• _Task item_:
The answer should hold only the lines from the beginning of the listing below to the line containing "Caladium red beret, Furniture", both included, with every picture left out.

• _Record extracts_:
================
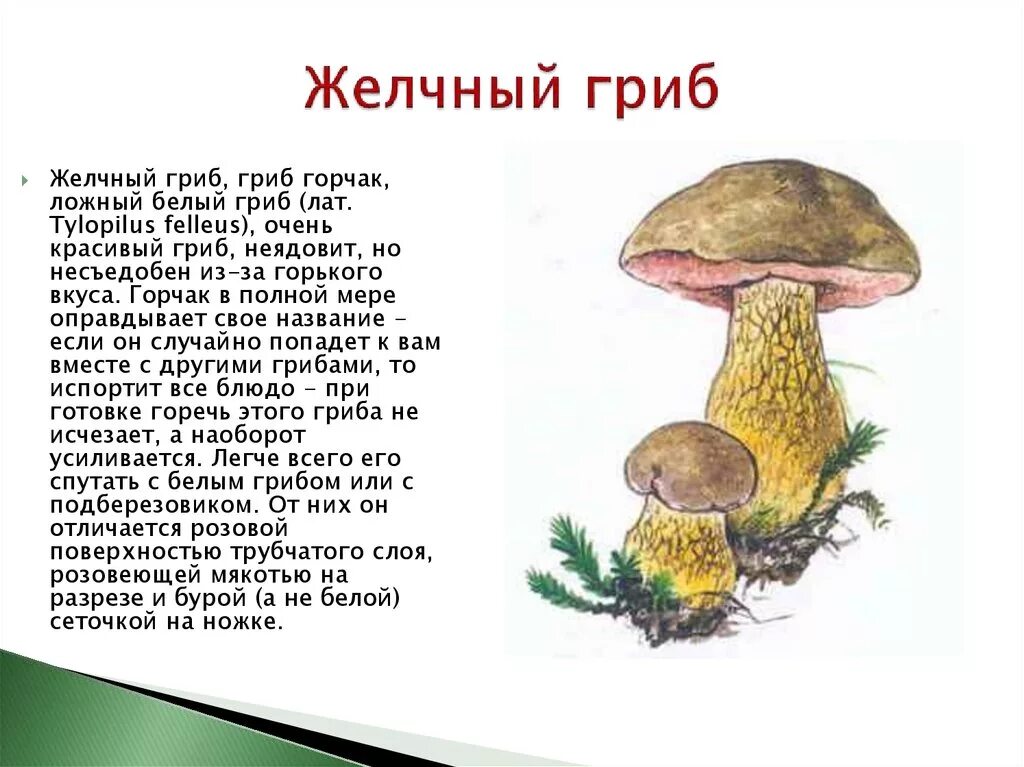 желчный гриб съедобный или несъедобный. ядовитые грибы желчный гриб. желчный съедобный или нет. желчный гриб ядовитый описание. горчак, ложный белый гриб.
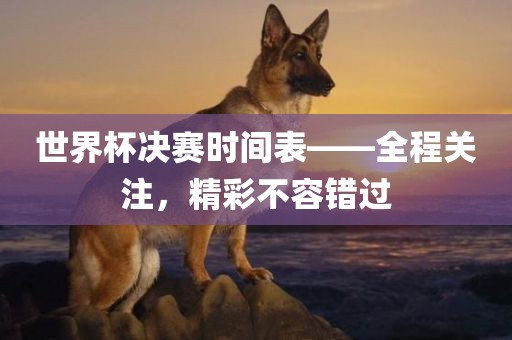 世界杯决赛时间表——全程关注，精彩不容错过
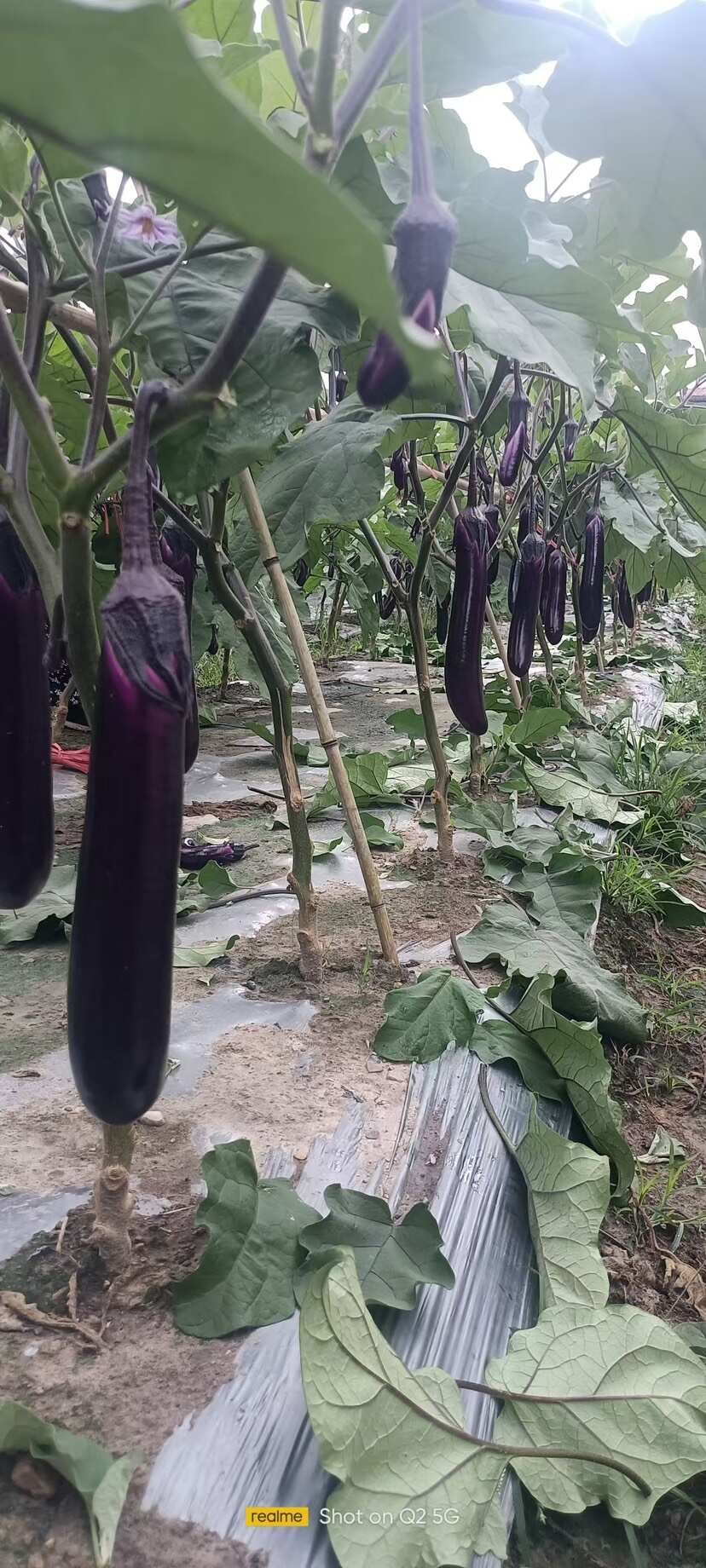 贵州露天紫长茄 新鲜蔬菜 茄果类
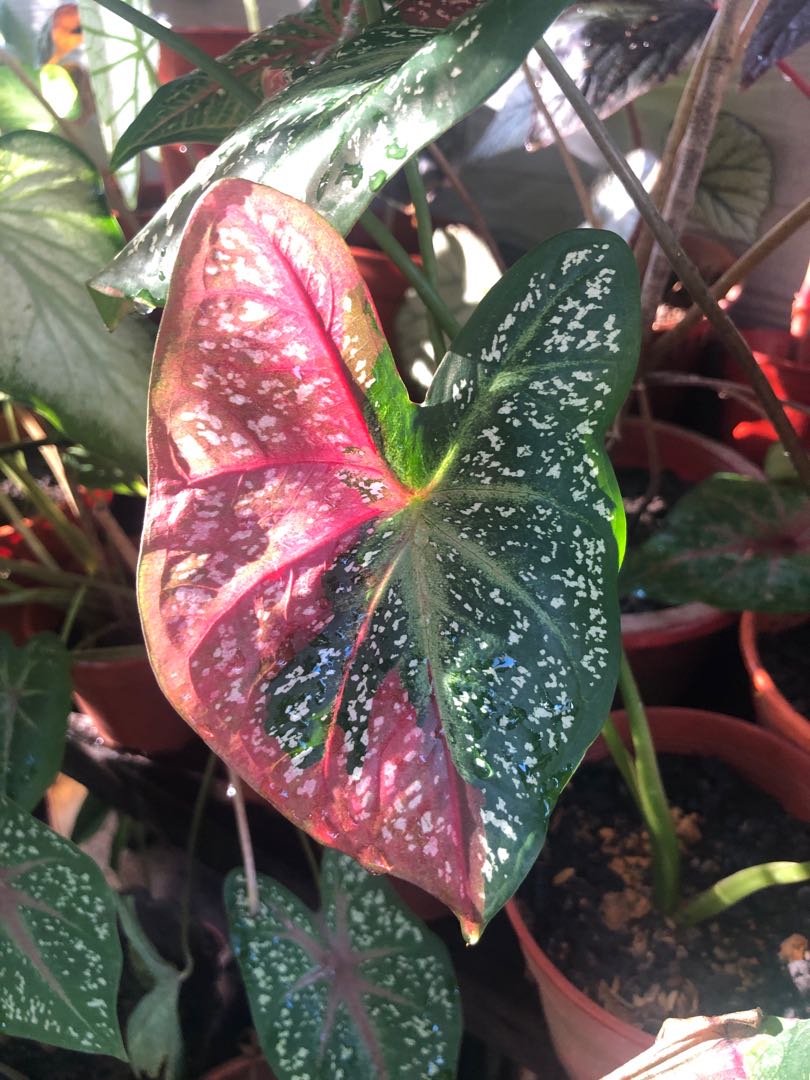Caladium red beret, Furniture & Home Living, Gardening, Plants ...
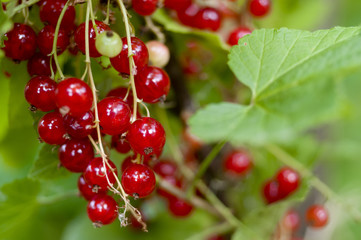 groseilles rouges groseiller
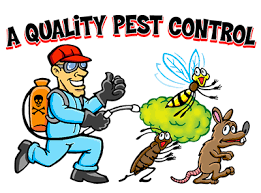 Fill out the simple form and a member of our team will be in contact with you shortly! Our Business Specialises In Pest Control Services With Our Expert Team Members We Provide Many Pest Contro Termite Control Pest Control Pest Control Services
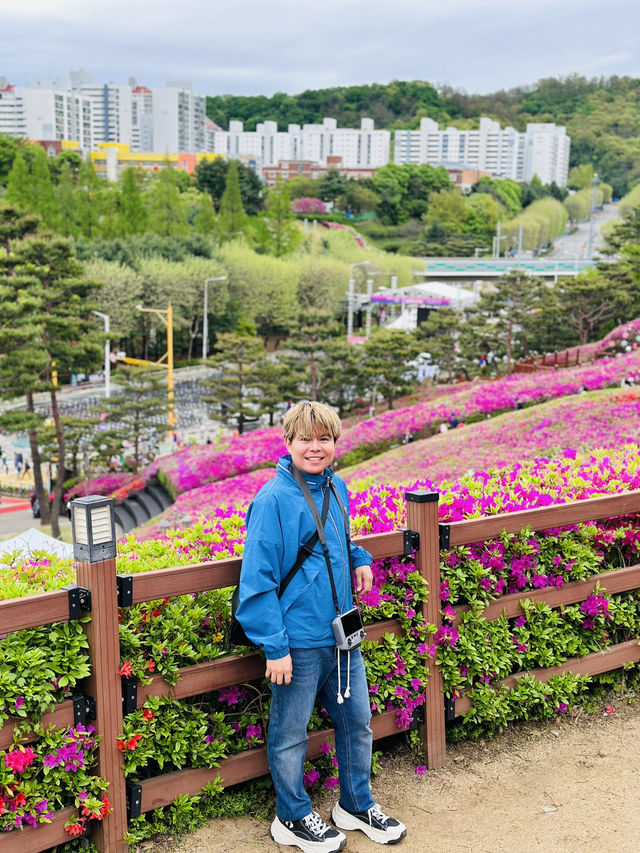 Celebrates the Breathtaking Bloom of Royal Azaleas Flowers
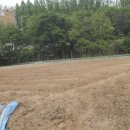 운중체육공원2 이미지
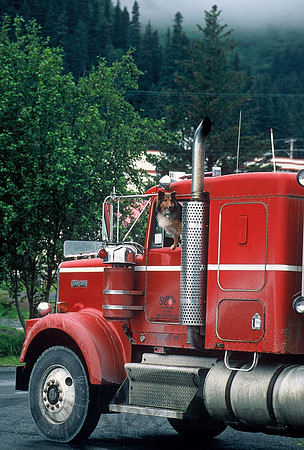 Collie in firetruck, Seward, Alaska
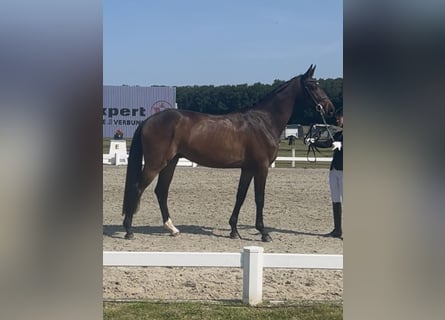 Hannoveraner, Wallach, 3 Jahre, 168 cm, Dunkelbrauner
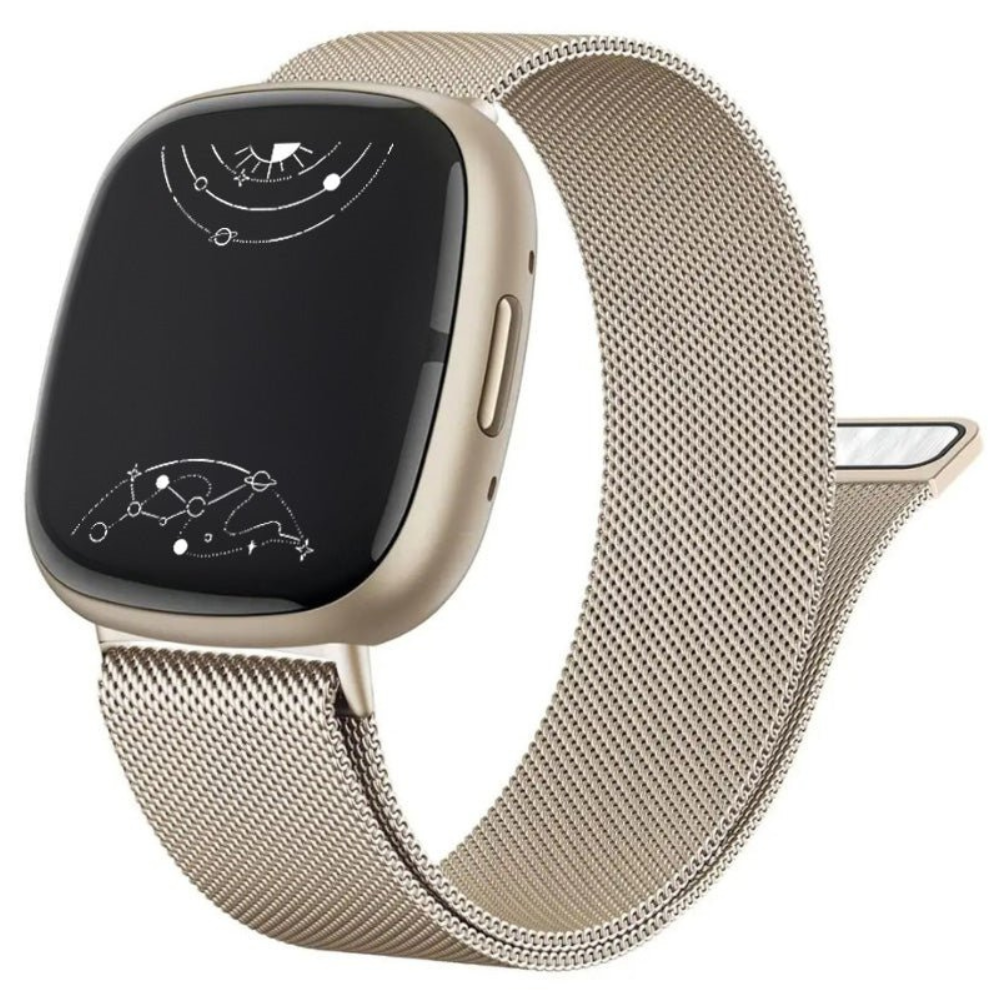 Monstro Bande en Acier Milanese pour Fitbit Série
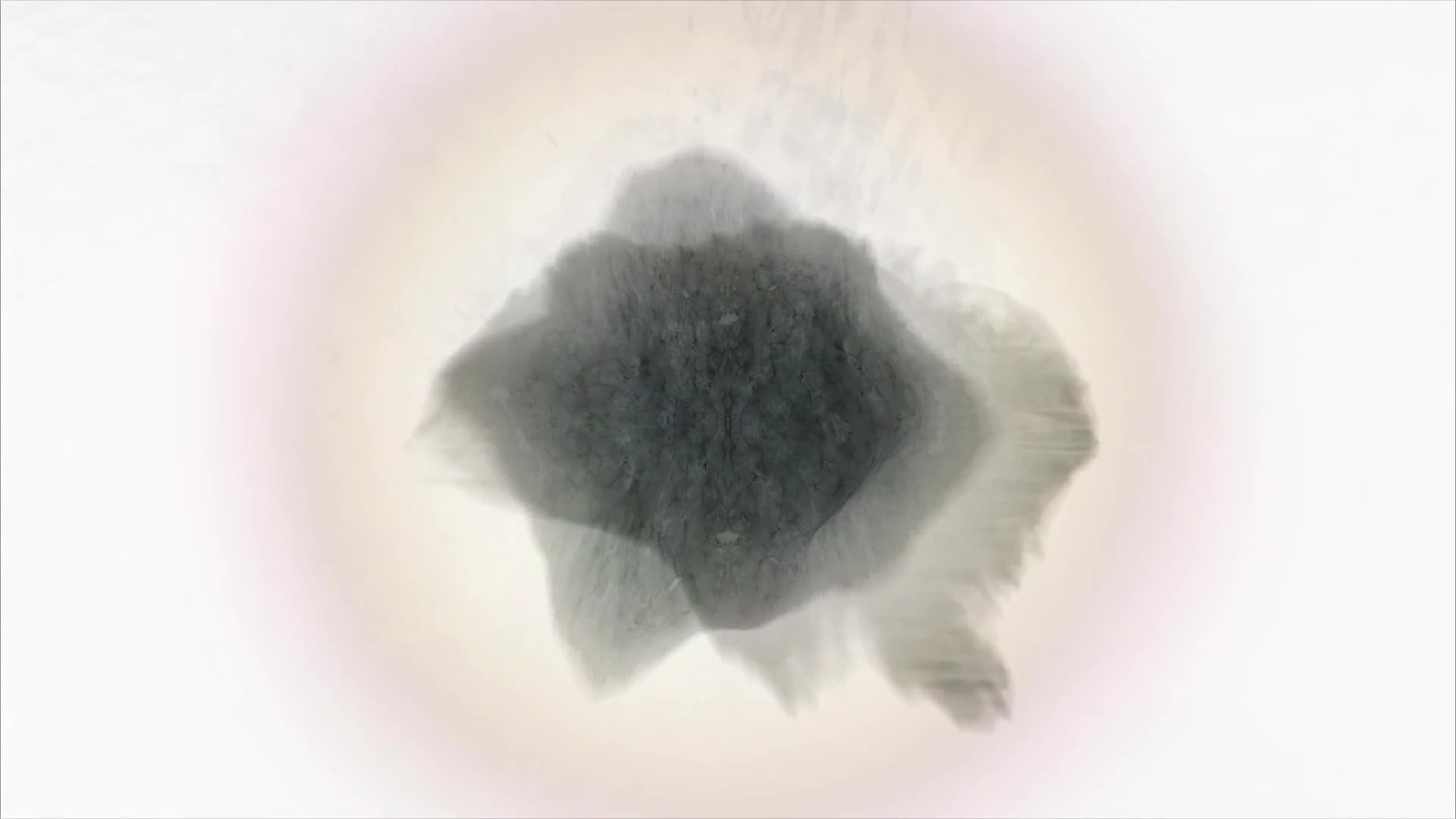 ＳＩＬＨＯＵΞＴＴΞ ｜｜ ＨÌＮＨ ＢÓＮＧ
================
• _Task answer_:
 желчный гриб съедобный или несъедобный. ядовитые грибы желчный гриб. желчный съедобный или нет. желчный гриб ядовитый описание. горчак, ложный белый гриб.
 世界杯决赛时间表——全程关注，精彩不容错过
 贵州露天紫长茄 新鲜蔬菜 茄果类
Caladium red beret, Furniture & Home Living, Gardening, Plants ...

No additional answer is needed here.